■ WHAT YOU WILL DO ■
Copy out the data below from the line containing "Pland Studio All-In-One" to the line containing "Watercolor vintage Easter", both lines included, with all images left out.

■ EXCERPTED DATA ■

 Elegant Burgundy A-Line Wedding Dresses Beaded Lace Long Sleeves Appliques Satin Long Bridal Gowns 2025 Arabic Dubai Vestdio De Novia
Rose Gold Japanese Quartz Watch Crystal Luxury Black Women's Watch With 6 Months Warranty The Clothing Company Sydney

...

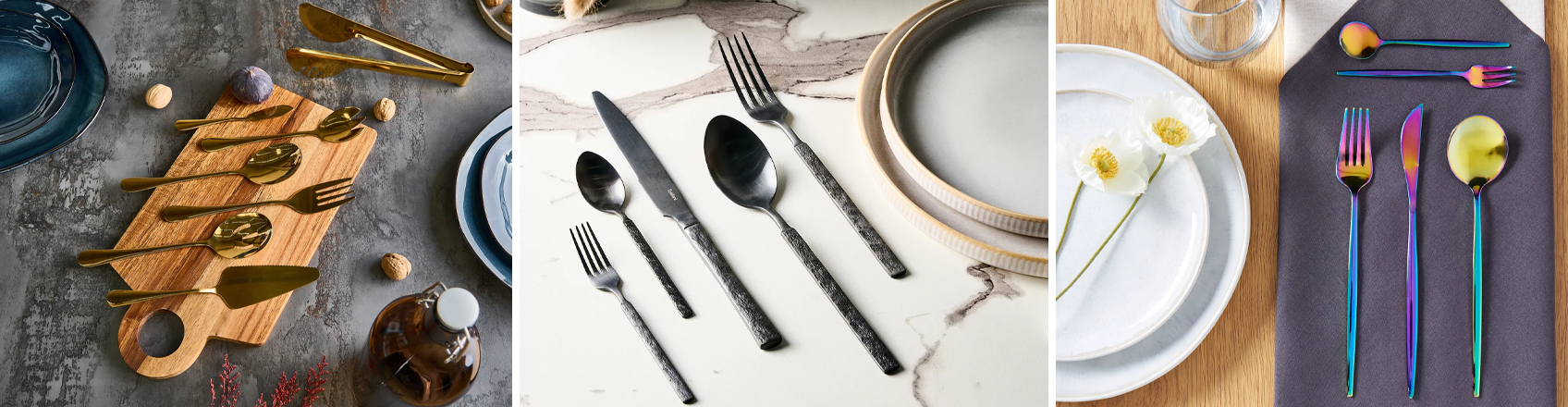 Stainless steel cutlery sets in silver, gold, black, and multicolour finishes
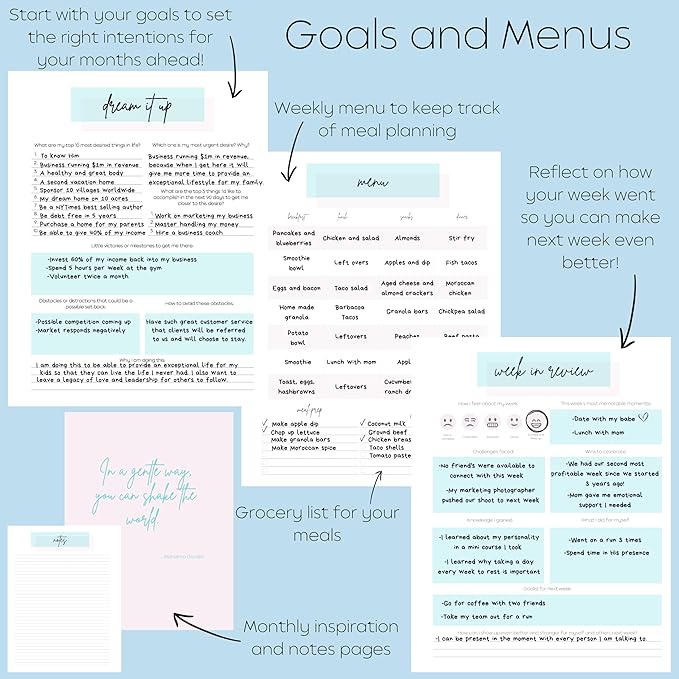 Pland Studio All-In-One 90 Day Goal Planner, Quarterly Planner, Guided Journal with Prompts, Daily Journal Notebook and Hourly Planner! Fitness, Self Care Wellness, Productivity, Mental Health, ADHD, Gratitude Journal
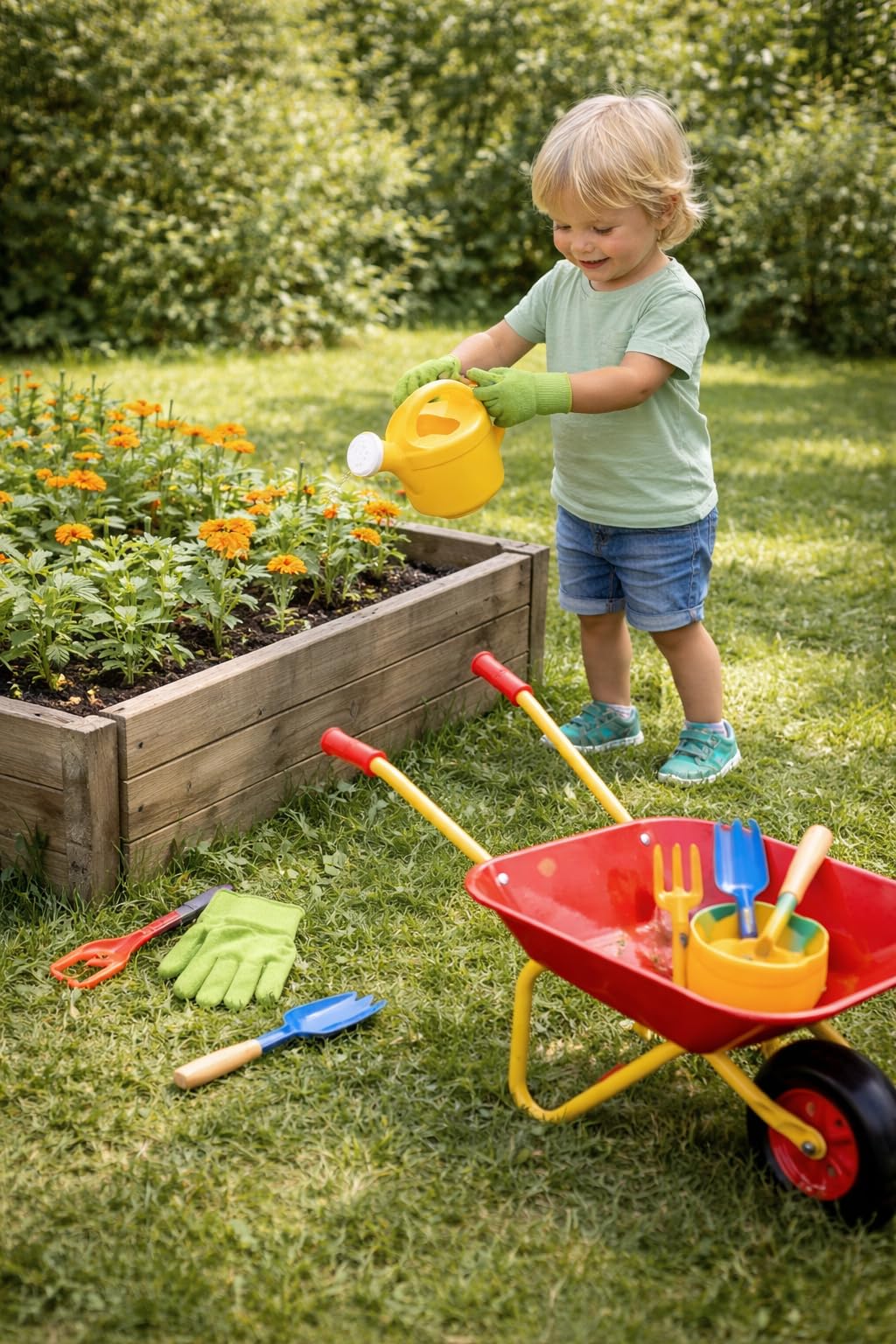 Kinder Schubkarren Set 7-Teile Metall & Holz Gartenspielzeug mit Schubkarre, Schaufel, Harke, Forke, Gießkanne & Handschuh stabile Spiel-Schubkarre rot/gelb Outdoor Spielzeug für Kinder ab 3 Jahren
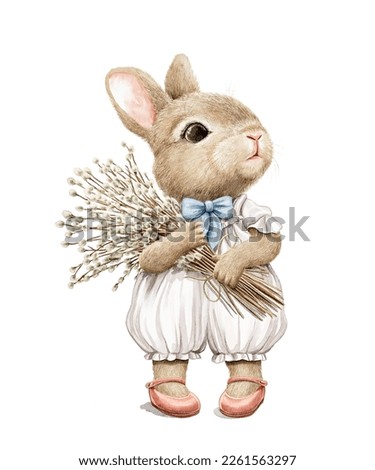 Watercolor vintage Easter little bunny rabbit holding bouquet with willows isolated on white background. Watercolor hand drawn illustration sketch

■ SOLUTION TO THIS EXERCISE ■
 Pland Studio All-In-One 90 Day Goal Planner, Quarterly Planner, Guided Journal with Prompts, Daily Journal Notebook and Hourly Planner! Fitness, Self Care Wellness, Productivity, Mental Health, ADHD, Gratitude Journal
 Kinder Schubkarren Set 7-Teile Metall & Holz Gartenspielzeug mit Schubkarre, Schaufel, Harke, Forke, Gießkanne & Handschuh stabile Spiel-Schubkarre rot/gelb Outdoor Spielzeug für Kinder ab 3 Jahren
 Watercolor vintage Easter little bunny rabbit holding bouquet with willows isolated on white background. Watercolor hand drawn illustration sketch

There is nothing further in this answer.